The original board measures 8+5+8=21. The first cut will cost 21, and should be used to cut the board into pieces measuring 13 and 8. The second cut will cost 13, and should be used to cut the 13 into 8 and 5. This would cost 21+13=34. If the 21 was cut into 16 and 5 instead, the second cut would cost 16 for a total of 37 (which is more than 34).
题目意思:
有一个农夫要把一个木板钜成几块给定长度的小木板,每锯一次都要收取一定费用,这个费用就是当前锯掉的木板长度
给出n个木板及其各自的长度,求最小费用。
这道题其实就是一个Huffman的模型,只需要用优先队列保存数据,每次去除最小的两个,并用ans求和,当队列最后只剩下一个元素时出队与ans相加之后,得到的就是题目答案。
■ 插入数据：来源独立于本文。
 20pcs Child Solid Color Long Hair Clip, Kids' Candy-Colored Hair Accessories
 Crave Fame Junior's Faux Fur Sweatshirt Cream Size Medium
贪心思想有木有,要熟悉最小堆的建立。
///@zhangxiaoyu
///2015/8/8
#include<cstdio>
#include<cstdlib>
#include<algorithm>
#include<cstring>
#include<queue>
#include<stack>
#include<iostream>
using namespace std;
/****此代码经过开光,永无bug****/
typedef long long LL;
const int maxn=20010;
LL ans;
LL a[maxn];
priority_queue<LL,vector<LL>,greater<LL> >qq;///最小堆优先队列的建立
void huffman()
{
LL a,b,c;
while(qq.size()!=1)
{
a=qq.top();///第一个最小的元素
qq.pop();
b=qq.top();///第二个最小的元素
qq.pop();
c=a+b;
ans+=c;
qq.push(c);
}
qq.pop();
}
int main()
{
int n;
while(scanf("%d",&n)!=EOF)
{
for(int i=0;i<n;i++)
{
scanf("%lld",&a[i]);///把a[i]压入队列
qq.push(a[i]);
}
ans=0;
huffman();
printf("%d\n",ans);
}
return 0;
}